By God’s grace, her mom had the number of Rose’s brother, who had accompanied her to the hospital. Finally, another human being we could call, someone who knew what was going on. When he picked up the phone and talked to Ros, he explained that she had not been able to eat without vomiting, and that she was in a lot of pain, hence the hospital stay. Ros then heard him asking Rose if we could come and see her, and she heard Rose say no, she was too tired.

In my heart, I knew things weren’t good. I had watched my mom being unable to hold down even one sip of water–it was an indication that the cancer had progressed. It became even more urgent for us to see her, to pray with her, to comfort her. But it seemed she was pushing us away.

In desperation, I contacted my zone leader, who was traveling. He—being the superhero he has always been—immediately contacted Pastor Kong, who immediately said he wanted to see Rose the next day.

I couldn’t reach Rose directly, but her brother had given us his son W’s number. W was helping to keep his aunt company while she was in hospital, and so I arranged for Pastor and I to visit Rose. Of course, Rose was delighted to see her favourite pastor again.

When we walked into her room, I took one look at Rose’s now-jaundiced face and memories of my mother flooded over me. She looked just like my mother when she was in her final days, sitting in her hospital bed, waiting for me to massage her feet. The rush of emotion was unexpected and overwhelming.

Rose couldn’t stop grinning. It was wonderful to see. She had her full wits about her, and she was even flirty with Pastor.

“It’s so good to see you smile,” he said.

“Your smile is so infectious, Pastor,” she drawled. “I can’t help but smile looking at you.”

W and I laughed, listening to them banter.

As Pastor read Psalm 23 to her, she completed the verses. “I will dwell in the house of the Lord forever,” she said. Tears came to my eyes. I pretended to yawn.

She had such a fighting spirit to live, and Pastor encouraged her. I felt ashamed of my dread and certainty that, humanly, she did not have long to live. I guess my experience with my mother has “fixed” me this way. Where was my mustard seed of faith?

I shared with her the US doctor’s emails, and she became excited at the possibility of a cure. She sent me off to find out how much the flight would cost, and I left the printouts for her to show her oncologist and get the green light to fly.

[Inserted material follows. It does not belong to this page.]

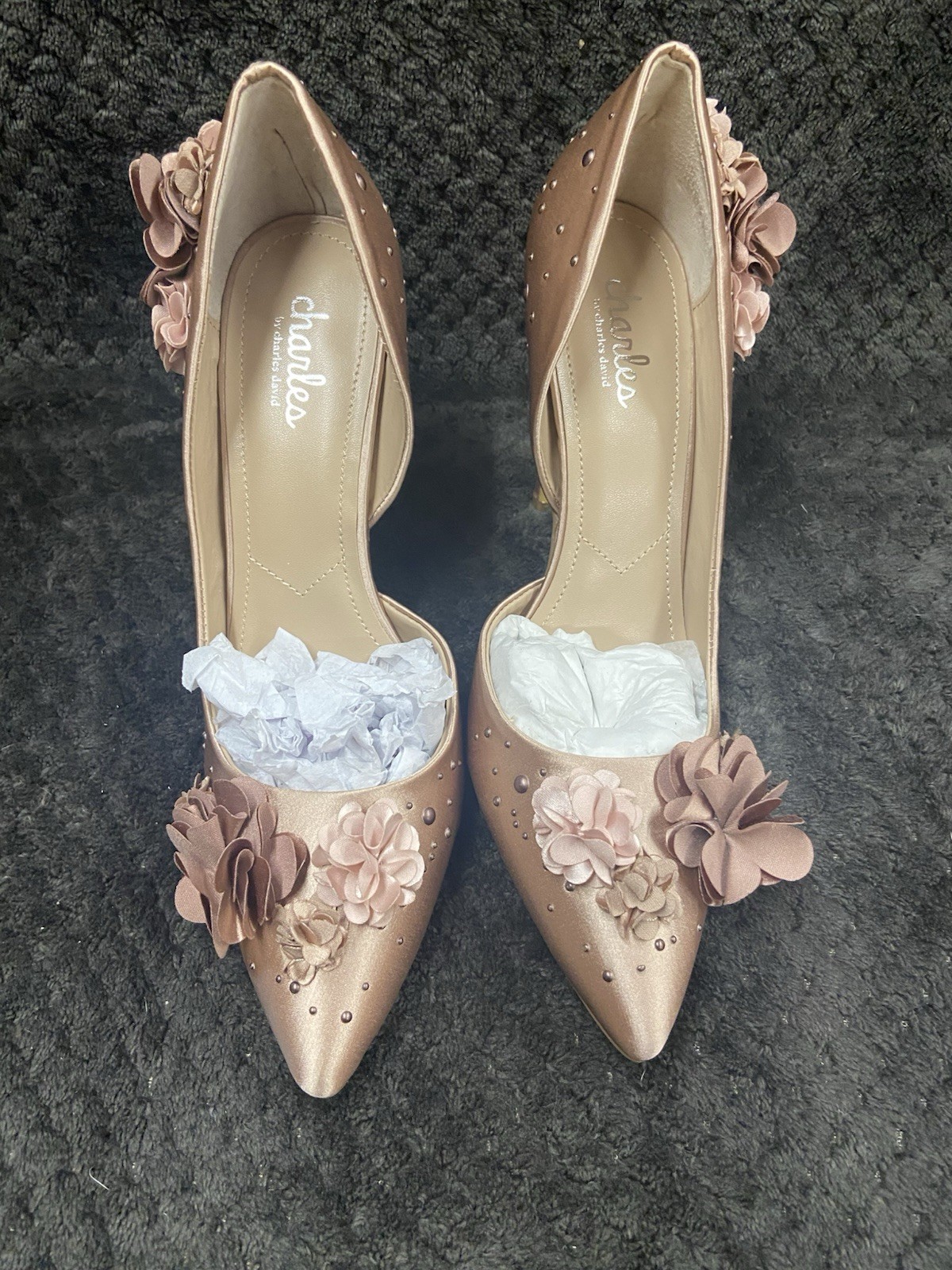 Charles by Charles David Taupe Satin Chiffon Floral Studded Stiletto Pumps 7.5M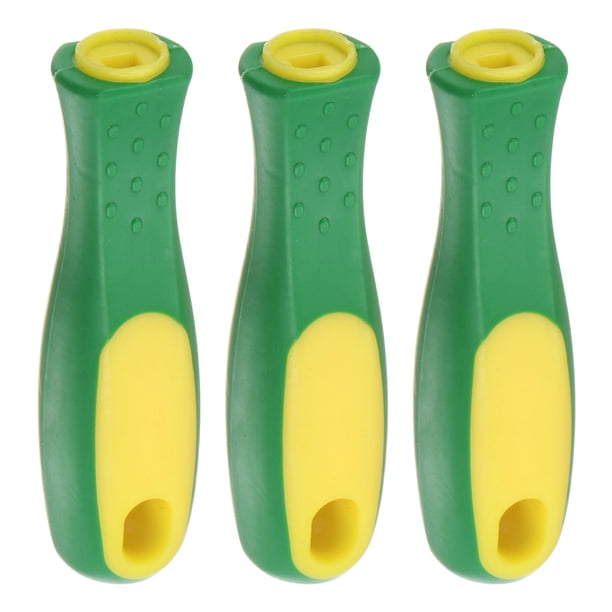 Mango de archivo de goma Uxcell de 3 piezas, 4.33 pulgadas, agujero rectangular, mangos ergonómicos para archivos metálicos planos de 6" y medios redondos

Four days later, just as I was discussing with my zone leader who might accompany Rose to the US if the doctor allowed her to fly, I received a call from W.

“The doctor says aunty only has 30 minutes more. Can you and Pastor come?”

I dropped everything, grabbed my wallet and ran to the cab stand and arrived at the hospital in 20 minutes — but I was still five minutes too late. Rose had left us.

I stood and gazed at her face, so peaceful, like she was sleeping—she had gone in exactly the same way my mother did. Heartbeat slowing, then irregular, then stopping. She had floated into the arms of Jesus, to a place that knows no pain, to an everlasting body, to her reward in heaven.

Pastor arrived after me, having also dashed out of a meeting and rushed to the hospital. As we gathered around Rose’s body and prayed, tears defied me and trickled down my face. She had gone through such pain, but her faith was so astonishing. She held on to her dignity, her calm and cool collectedness, all the way to the end, trusting God.

Tonight I listened to her friend talk about their days in convent school, that her final meal request was babi pongteh, that her faith in the Lord carried her and filled her with joy toward the end.

And I think, our lives are given us to make full use of. Do I spend it loving God? Preparing myself for eternal life? Or am I running through my days just trying to “survive”, worrying about the everyday matters?

I made a promise to God to write my book. I didn’t want to blog about it before because, to be honest, I wasn’t sure when I was going to finish it. I’ve started, but it’s taking much more out of me than I initially imagined. But now, knowing Rose fought the good fight, and finished her race, I have to run my race and part of the obstacle course is this book.

There I’ve put it out there. Now I have to keep my word, and make it happen. For God and for Rose, who set me a brilliant example.

I miss you my friend. See you in heaven.

The Good Year: Reflections Of Gratefulness

It is the last day of 2011. Happy New Year, everyone.

I have to admit, as I grow, I get more sentimental. Can’t let a year slip into the next without taking stock.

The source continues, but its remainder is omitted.